Below this line is the material. Write out only its lines from the one containing "IDBI is nothing" through the one containing "Honestly, I don't", both kept, exactly.

(RECORDS FOR THE EXERCISE Opens)

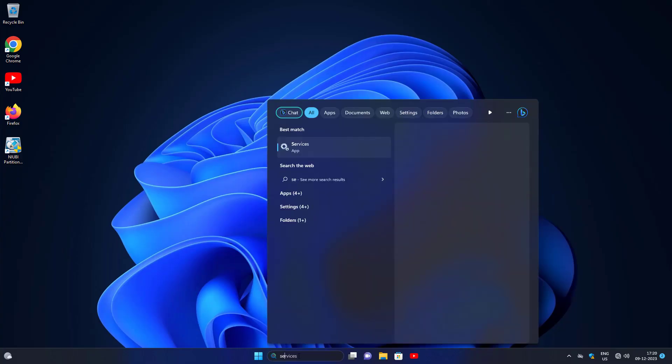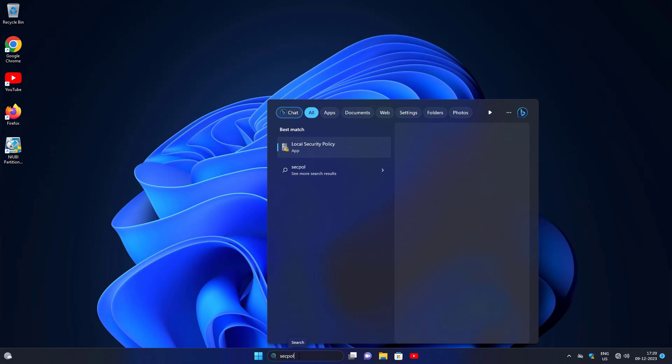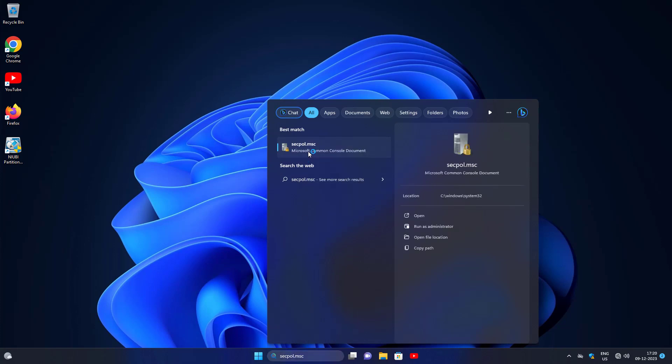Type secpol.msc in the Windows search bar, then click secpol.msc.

(RECORDS FOR THE EXERCISE Closes)
(RECORDS FOR THE EXERCISE Opens)

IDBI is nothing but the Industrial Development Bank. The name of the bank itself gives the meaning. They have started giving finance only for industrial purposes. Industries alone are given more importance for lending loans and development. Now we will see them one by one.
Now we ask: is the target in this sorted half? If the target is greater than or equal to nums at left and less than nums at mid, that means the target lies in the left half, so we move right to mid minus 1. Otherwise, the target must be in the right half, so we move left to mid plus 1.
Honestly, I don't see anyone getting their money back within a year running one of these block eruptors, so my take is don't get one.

(RECORDS FOR THE EXERCISE Closes)

# REPLY TO THE TASK
IDBI is nothing but the Industrial Development Bank. The name of the bank itself gives the meaning. They have started giving finance only for industrial purposes. Industries alone are given more importance for lending loans and development. Now we will see them one by one.
Now we ask: is the target in this sorted half? If the target is greater than or equal to nums at left and less than nums at mid, that means the target lies in the left half, so we move right to mid minus 1. Otherwise, the target must be in the right half, so we move left to mid plus 1.
Honestly, I don't see anyone getting their money back within a year running one of these block eruptors, so my take is don't get one.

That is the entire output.